You Don't Know Jack
I was in Chicago last month, right around the time when an oldies station switched format to the broader format called "Jack." A local radio station changed from a current country format to the broader country format called "Hank," using the slogan "He plays anything country."
I applaud any radio station that plays a wider variety of songs. Broadcasting has become narrowcasting, and the playlists have been narrowed to a handful of songs that test highest with the audience. Billboard chart guru Fred Bronson has long bemoaned the loss of radio stations he remembered from his youth, that would play rock, R&B, and country... anything popular on the charts.

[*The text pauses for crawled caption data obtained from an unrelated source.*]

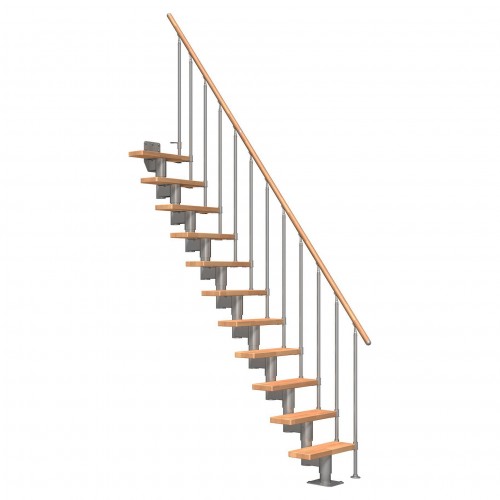 Dolle Mittelholmtreppe Dublin gerade aus Buche 65cm breit für Geschosshöhen 222-270cm UK Metall grau metallic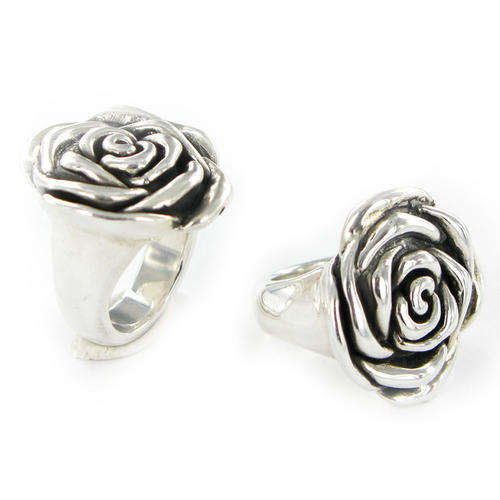 STUNNING ELECTROPLATED SILVER ROSE RING 3.5CM  SIZE 8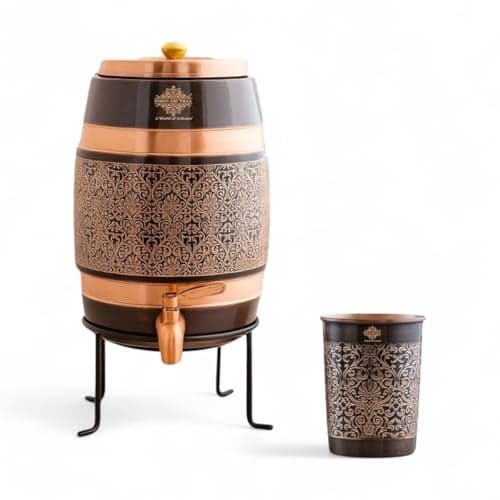 Indian Art Villa Copper Water Carafes with Embossed & Black Printed Design – 5 Liter Water Carafes with Stand, Tap & Glass (275 ML), Ayurvedic Drinkware for Home, Office, Gifting & Daily Hydration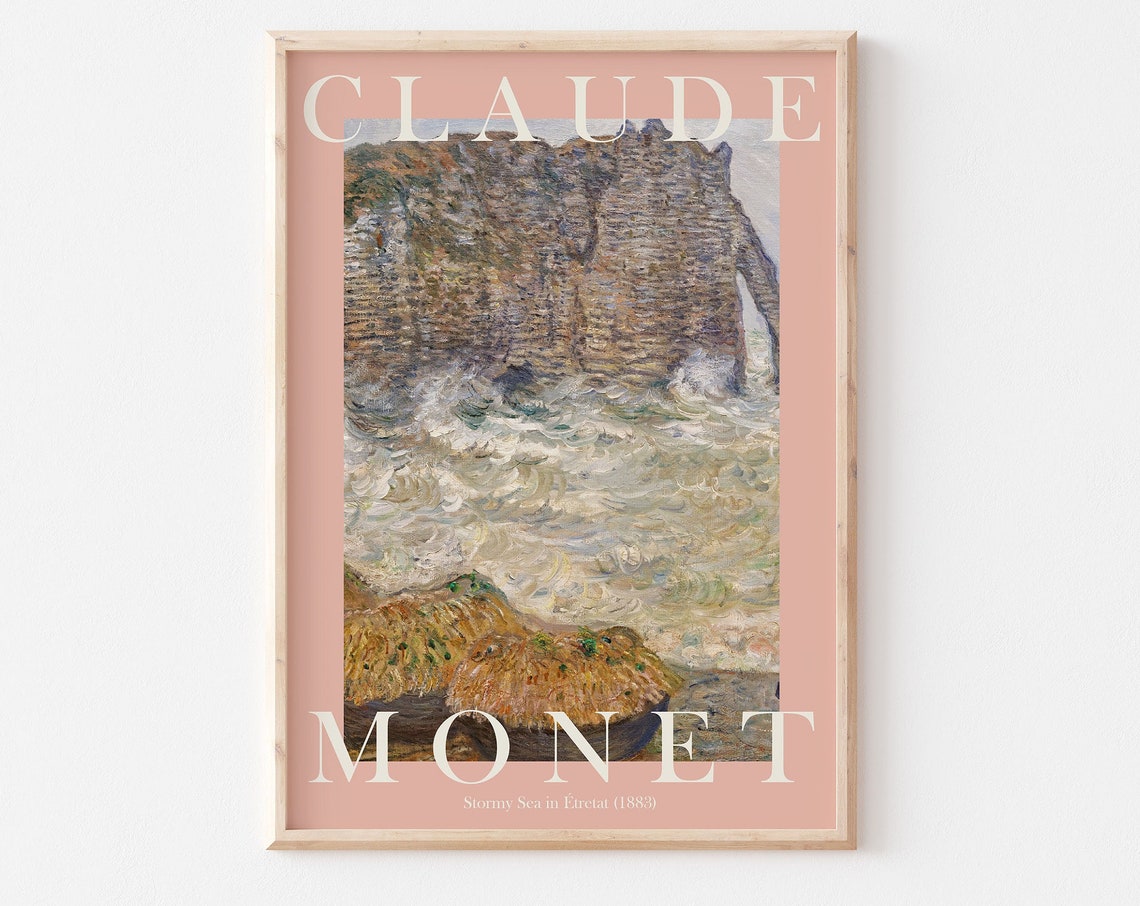 Claude Monet Stormy Sea in Etretat 1883 Waves And Cliffs Poster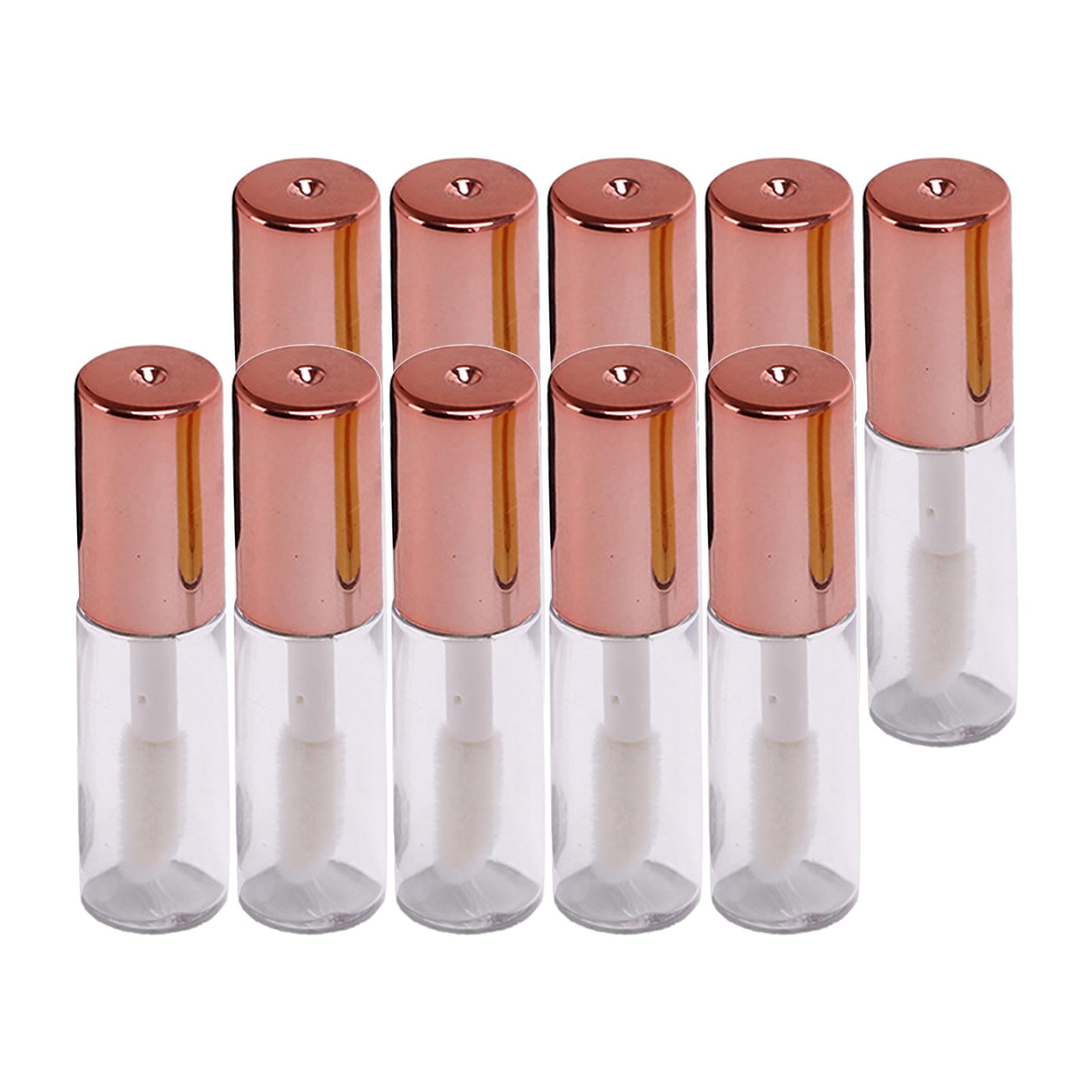Magideal - 10 Tubos De Brillo Labial, Envases De Brillo Labial Con Tapa Y Pincel, Tubos Transparentes De Aceite Labial, Envases De Bálsamo Labial, Tubos Para Mujeres Y Oro Rosa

Eric Zorn in the Chicago Tribune: "Even great music--including Beatles songs...--cloys after a while.
I would love to have a radio station, just so I could stick the occasional obscure song I like into heavy rotation. Who knows? One of them might even catch on with the listening public!
4 Comments:
Our oldies station here in Nashville just recently switched to the "Jack" format, and it's . . . interesting. For one thing, the station doesn't seem to have DJs, which is both a blessing and a curse, I suppose. The voiceover that runs things now has a bit of a "smartass" persona that quickly gets annoying, but I do appreciate the wider variety of music the station plays now.
I like a good morning show, but beyond that, I have little use for disc jockeys, especially when they don't talk about the songs or even give their names.
Well, that's the thing about this voiceover DJ they use now. You never hear the name of the song or the artist mentioned. The station plays four or five songs in a row, cuts to a commercial or two, then comes back to the songs. It cuts out the completely inane chatter with which most DJs fill their airtime, but if you want to know what a particular song was so you can go download it on iTunes, you're SOL.
There's a link on CNN.com today to a video about this new Jack format (I wish I could link to it, but it's a JS link). Very interesting stuff about how Jack is spreading across the nation.